ICP Component Backup

etcd

The cluster state as stored in etcd was backuped up using etcdctl as described in the these steps https://github.com/ibm-cloud-architecture/icp-backup/blob/master/docs/etcd.md executed in one of the master nodes. In this DR scenario, SRM is expected to recover the master nodes and therefore the backup file was left on the master nodes in case it is needed to be restored. For a production deployment, the backup files should be stored off the cluster.

Registry

Several images were added to the Docker registry as this was an isolated environment where the external registries were inaccessible. The registry is backed up by saving all contents of /var/lib/registry as described in these https://github.com/ibm-cloud-architecture/icp-backup/blob/master/docs/registry.md. Since the private registry is hosted on a shared NFS file system which is expected to be available on the target environment, this step was skipped for this test.

Cloudant

The Cloudant backup requires a PV and a PVC backed by an NFS share was created for backup up Cloudant data as described here https://github.com/ibm-cloud-architecture/icp-backup/blob/master/docs/cloudant.md. Since an NFS share accessible on the target environment is being used, the backed up data was left on the NFS share.
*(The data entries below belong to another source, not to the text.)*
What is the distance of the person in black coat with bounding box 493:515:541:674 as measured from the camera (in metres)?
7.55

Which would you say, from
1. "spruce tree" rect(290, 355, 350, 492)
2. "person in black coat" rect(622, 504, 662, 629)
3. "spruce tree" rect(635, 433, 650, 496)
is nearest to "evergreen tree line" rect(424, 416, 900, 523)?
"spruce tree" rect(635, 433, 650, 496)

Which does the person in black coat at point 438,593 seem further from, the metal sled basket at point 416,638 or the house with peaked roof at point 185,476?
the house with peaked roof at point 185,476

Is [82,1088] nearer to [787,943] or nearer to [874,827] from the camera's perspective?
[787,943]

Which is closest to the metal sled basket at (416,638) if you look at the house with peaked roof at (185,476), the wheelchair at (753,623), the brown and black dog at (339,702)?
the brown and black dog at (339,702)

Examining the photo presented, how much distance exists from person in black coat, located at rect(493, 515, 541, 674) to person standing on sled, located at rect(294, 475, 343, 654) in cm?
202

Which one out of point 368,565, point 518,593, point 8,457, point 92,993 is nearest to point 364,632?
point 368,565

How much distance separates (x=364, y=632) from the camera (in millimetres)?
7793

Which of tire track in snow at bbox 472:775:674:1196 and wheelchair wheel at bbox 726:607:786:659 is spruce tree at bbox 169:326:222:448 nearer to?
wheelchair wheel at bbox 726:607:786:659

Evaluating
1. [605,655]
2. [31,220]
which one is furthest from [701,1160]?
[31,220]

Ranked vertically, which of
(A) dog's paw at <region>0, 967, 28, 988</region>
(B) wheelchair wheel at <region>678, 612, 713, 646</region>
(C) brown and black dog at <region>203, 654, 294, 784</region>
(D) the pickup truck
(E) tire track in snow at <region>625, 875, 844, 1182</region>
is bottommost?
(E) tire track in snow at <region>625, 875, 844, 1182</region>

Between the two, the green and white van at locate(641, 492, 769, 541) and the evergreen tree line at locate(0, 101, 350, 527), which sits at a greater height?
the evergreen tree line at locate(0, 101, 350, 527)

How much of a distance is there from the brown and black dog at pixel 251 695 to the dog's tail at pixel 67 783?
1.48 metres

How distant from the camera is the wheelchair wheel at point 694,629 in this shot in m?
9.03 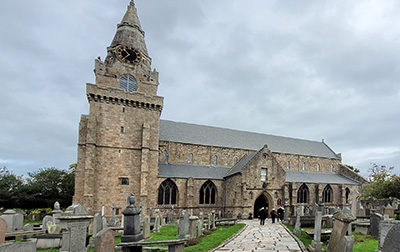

In this isolated environment, the Docker images needed for the Cloudant backup had to be populated in the private registry of the cluster.

MariaDB

Similar to Cloudant backup a PVC backed by an NFS share was created for backup of MariaDB data as described here https://github.com/ibm-cloud-architecture/icp-backup/blob/master/docs/mariadb.md. The backup data was left on the NFS share to be used for restore in the target environment. Similar to Cloudant backup, the Docker images needed for MariaDB backup had to be populated in the private registry.

DR Test

SRM Metrics

VM Provision Space Used Space Snapshot
Management 1 534 GB 184 GB 8.6 GB
Management 2 534 GB 184 GB 7.7 GB
Management 3 536 GB 186 GB 9.8 GB
Master 1 336 GB 136 GB 3.1 GB
Master 2 337 GB 137 GB 3.9 GB
Master 3 336 GB 136 GB 2.8 GB
Proxy 1 320 GB 120 GB 432 MB
Proxy 2 320 GB 120 GB 415 MB
Proxy 3 320 GB 120 GB 432 MB
Worker 1 334 GB 134 GB 691 MB
Worker 2 334 GB 134 GB 723 MB
Worker 3 334 GB 134 GB 449 MB
  • The maximum time observed for the initial replication was 90 seconds, with additional point in time replications taking between 5 - 35 seconds.
  • Time to start the VMs on the recovery site was 3 - 5 minutes. There was a 10Gbps network between the two sites for data transfer.

ICP Verification

After recovery of the VMs using SRM, the ICP components did not need to be recovered individually as the cluster was confirmed to be in an healthy state based on the following:

  • The health check on etcd returned healthy.
  • The test application PODs were running still running on the recovered cluster.
  • The test application PODs were deleted and redeployed without error, proving new workloads can be deployed as well from the registry.
  • The configmaps created by the test application were present
  • The mysql command was used to connect to MariaDB to confirm it was up.
  • The helm repositories were accessible from the dashboard.

In the event, one ore more ICP components is corrupted on the recovered VMs, the state can be restored using the backup. Similarly the application can also be re-deployed if needed.